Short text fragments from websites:
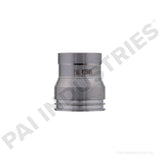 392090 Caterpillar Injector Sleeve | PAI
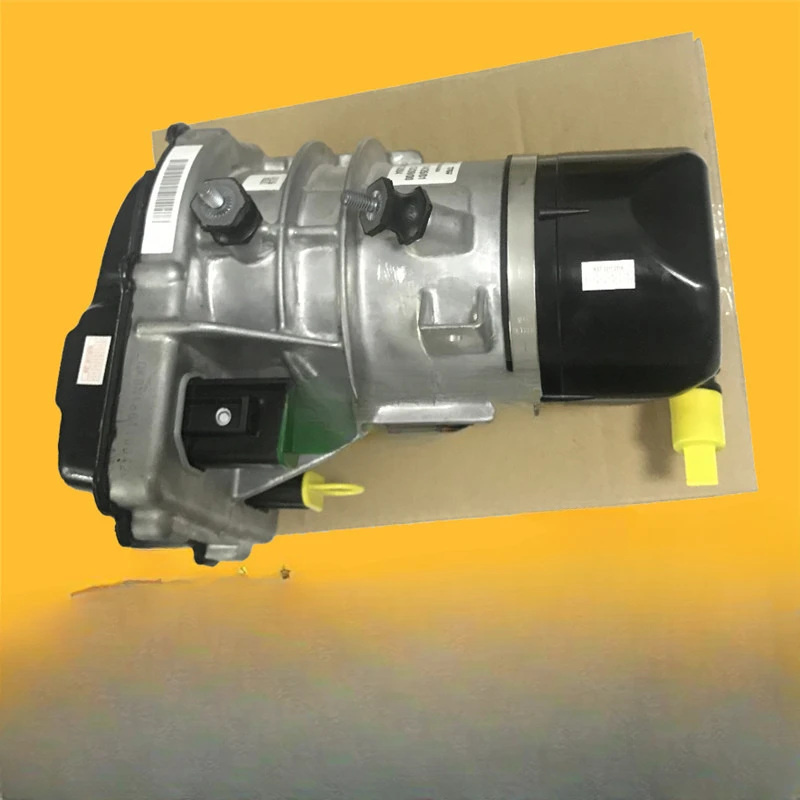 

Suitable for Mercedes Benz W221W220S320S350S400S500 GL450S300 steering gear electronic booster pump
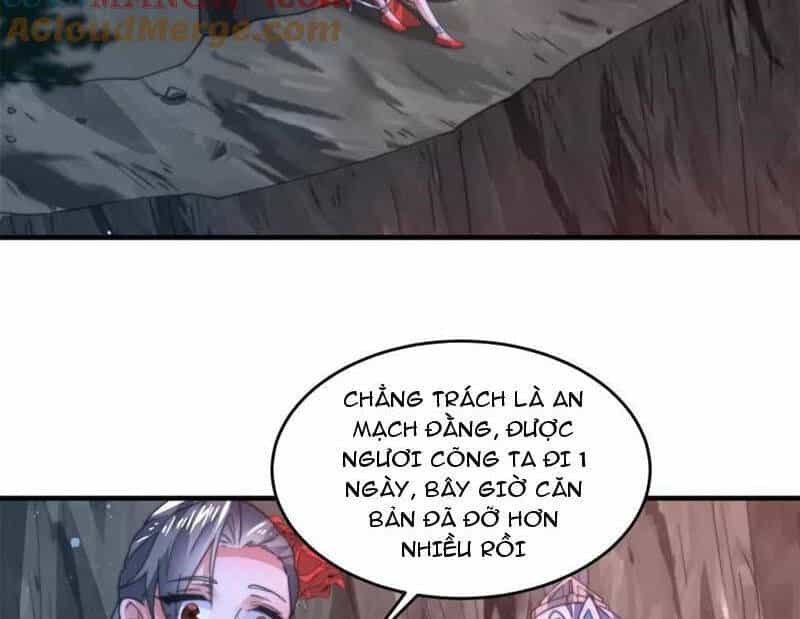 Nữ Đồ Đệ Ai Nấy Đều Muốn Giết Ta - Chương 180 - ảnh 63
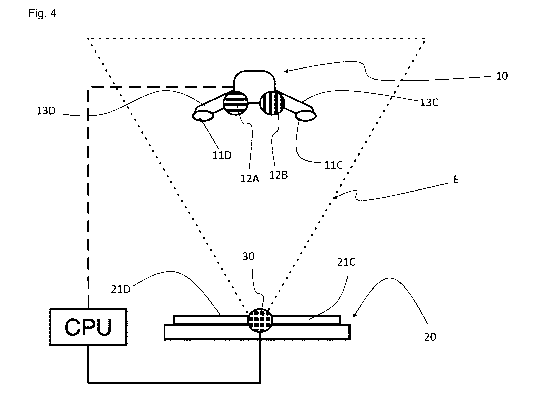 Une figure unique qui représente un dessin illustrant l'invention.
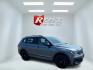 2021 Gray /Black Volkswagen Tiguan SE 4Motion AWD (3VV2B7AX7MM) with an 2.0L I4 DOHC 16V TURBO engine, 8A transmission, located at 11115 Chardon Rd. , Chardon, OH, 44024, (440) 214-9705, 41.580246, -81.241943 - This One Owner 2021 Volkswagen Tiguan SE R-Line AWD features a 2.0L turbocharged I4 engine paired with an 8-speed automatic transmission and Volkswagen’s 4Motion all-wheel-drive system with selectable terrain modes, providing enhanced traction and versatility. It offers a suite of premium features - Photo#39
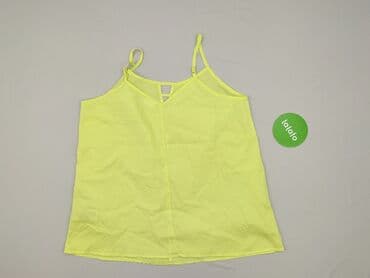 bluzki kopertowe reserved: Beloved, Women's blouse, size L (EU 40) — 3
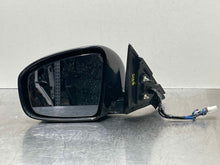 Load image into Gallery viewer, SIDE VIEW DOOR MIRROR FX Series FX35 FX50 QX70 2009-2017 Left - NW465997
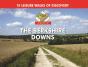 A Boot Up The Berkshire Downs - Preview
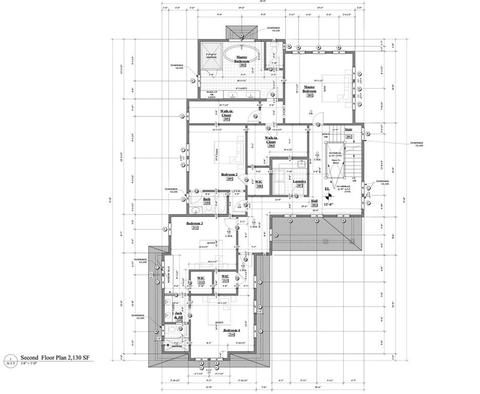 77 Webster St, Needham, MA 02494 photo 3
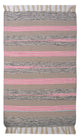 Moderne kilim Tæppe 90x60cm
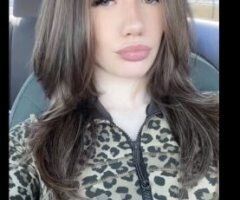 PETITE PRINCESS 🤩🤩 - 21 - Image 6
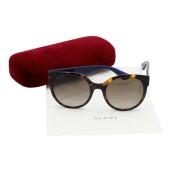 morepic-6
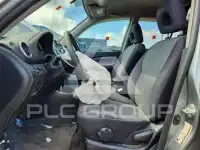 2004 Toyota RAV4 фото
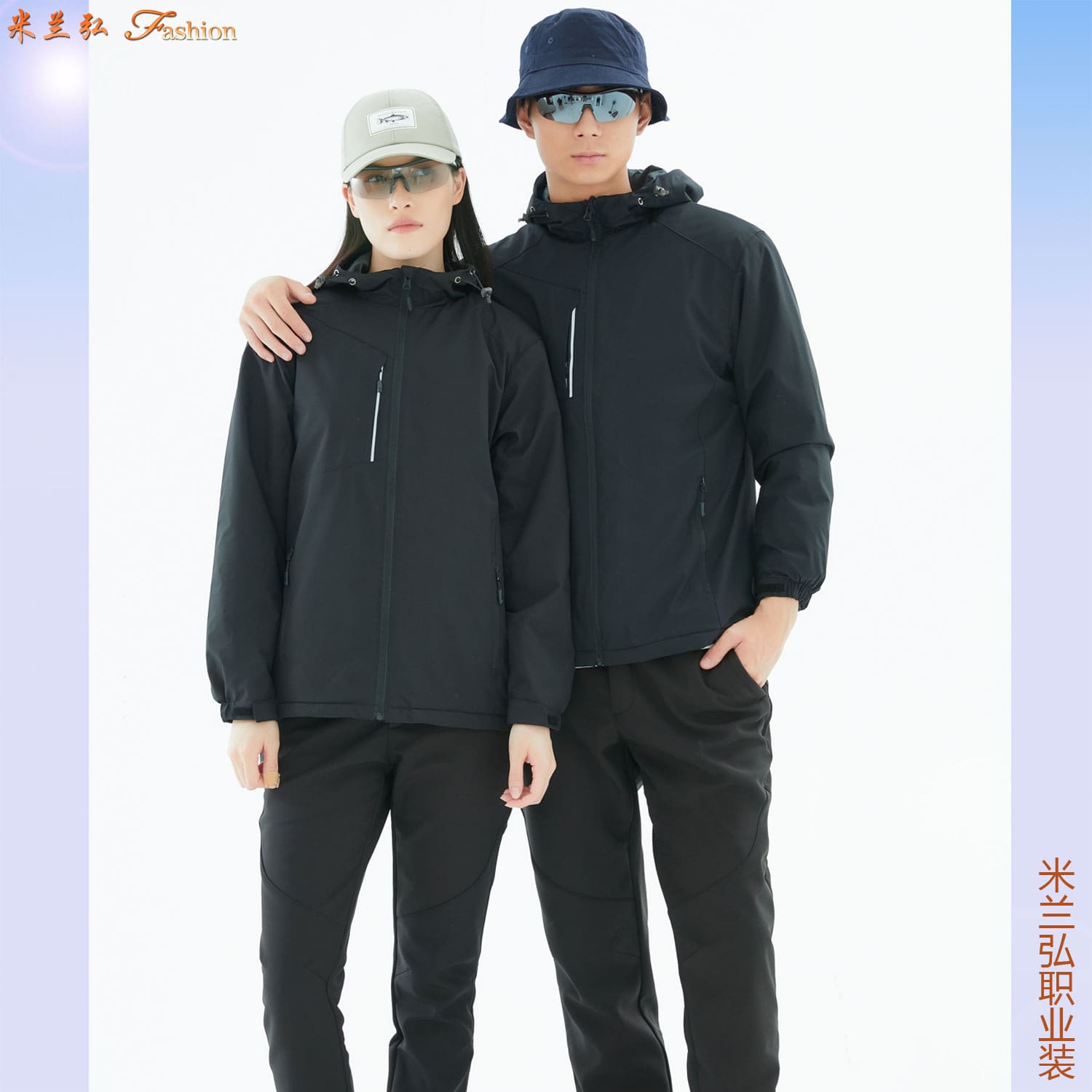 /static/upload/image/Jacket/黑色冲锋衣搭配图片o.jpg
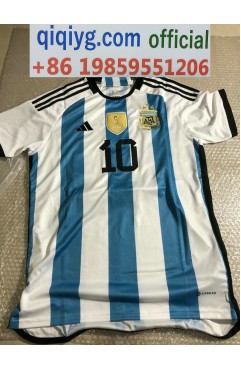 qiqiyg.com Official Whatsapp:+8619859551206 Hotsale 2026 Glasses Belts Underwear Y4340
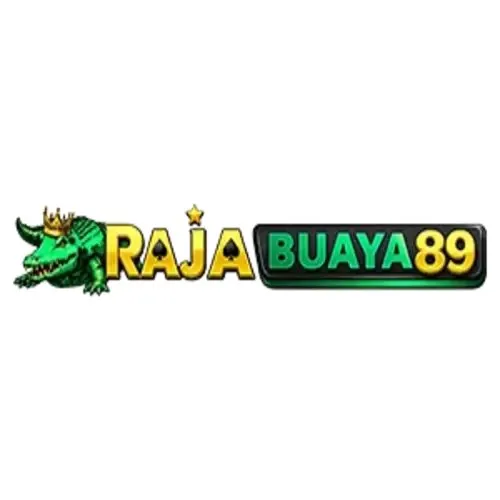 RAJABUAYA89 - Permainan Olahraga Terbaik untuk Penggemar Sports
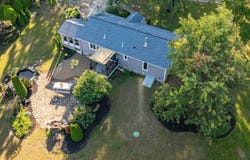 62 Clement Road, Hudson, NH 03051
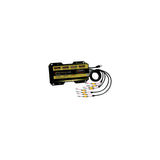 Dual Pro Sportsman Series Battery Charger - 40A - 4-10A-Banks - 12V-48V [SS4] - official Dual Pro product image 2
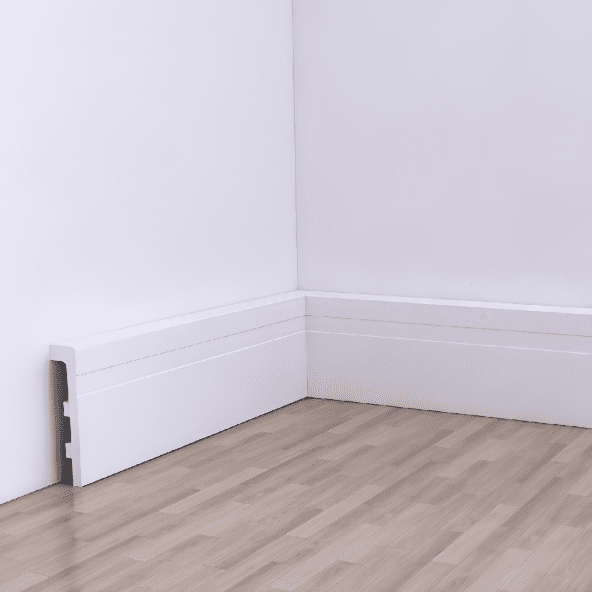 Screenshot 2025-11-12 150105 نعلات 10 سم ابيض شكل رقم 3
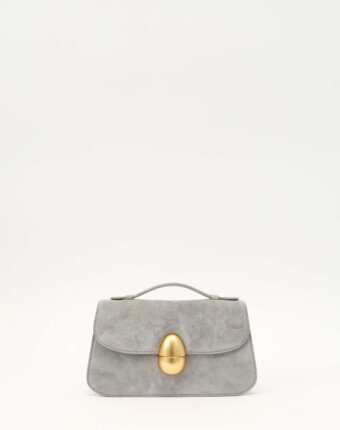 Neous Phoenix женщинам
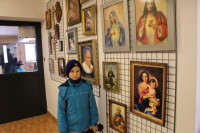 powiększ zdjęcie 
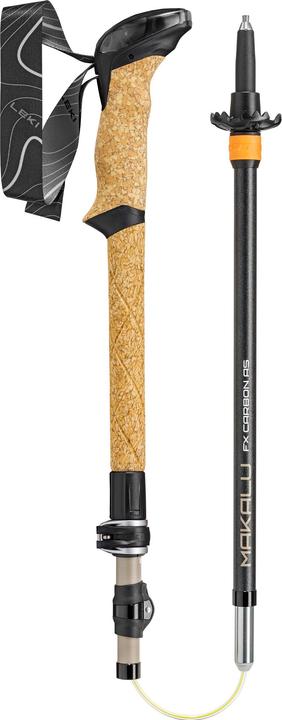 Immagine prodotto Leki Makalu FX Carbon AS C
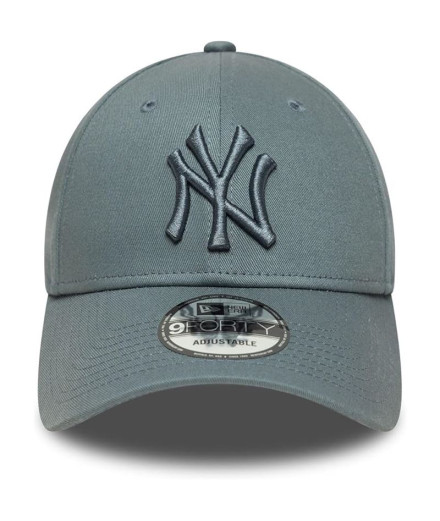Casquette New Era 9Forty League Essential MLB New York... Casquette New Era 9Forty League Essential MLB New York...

## Exercise description
Leave out the pictures, and please output only the lines from the line that contains "Une figure unique" through the end of the data, both ends included.

## The completed task
 Une figure unique qui représente un dessin illustrant l'invention.
 2021 Gray /Black Volkswagen Tiguan SE 4Motion AWD (3VV2B7AX7MM) with an 2.0L I4 DOHC 16V TURBO engine, 8A transmission, located at 11115 Chardon Rd. , Chardon, OH, 44024, (440) 214-9705, 41.580246, -81.241943 - This One Owner 2021 Volkswagen Tiguan SE R-Line AWD features a 2.0L turbocharged I4 engine paired with an 8-speed automatic transmission and Volkswagen’s 4Motion all-wheel-drive system with selectable terrain modes, providing enhanced traction and versatility. It offers a suite of premium features - Photo#39
 bluzki kopertowe reserved: Beloved, Women's blouse, size L (EU 40) — 3
 Load image into Gallery viewer, SIDE VIEW DOOR MIRROR FX Series FX35 FX50 QX70 2009-2017 Left - NW465997
 A Boot Up The Berkshire Downs - Preview
 77 Webster St, Needham, MA 02494 photo 3
 Moderne kilim Tæppe 90x60cm
 PETITE PRINCESS 🤩🤩 - 21 - Image 6
 morepic-6
 2004 Toyota RAV4 фото
 /static/upload/image/Jacket/黑色冲锋衣搭配图片o.jpg
 qiqiyg.com Official Whatsapp:+8619859551206 Hotsale 2026 Glasses Belts Underwear Y4340
 RAJABUAYA89 - Permainan Olahraga Terbaik untuk Penggemar Sports
 62 Clement Road, Hudson, NH 03051
 Dual Pro Sportsman Series Battery Charger - 40A - 4-10A-Banks - 12V-48V [SS4] - official Dual Pro product image 2
 Screenshot 2025-11-12 150105 نعلات 10 سم ابيض شكل رقم 3
 Neous Phoenix женщинам
 powiększ zdjęcie 
 Immagine prodotto Leki Makalu FX Carbon AS C
Casquette New Era 9Forty League Essential MLB New York... Casquette New Era 9Forty League Essential MLB New York...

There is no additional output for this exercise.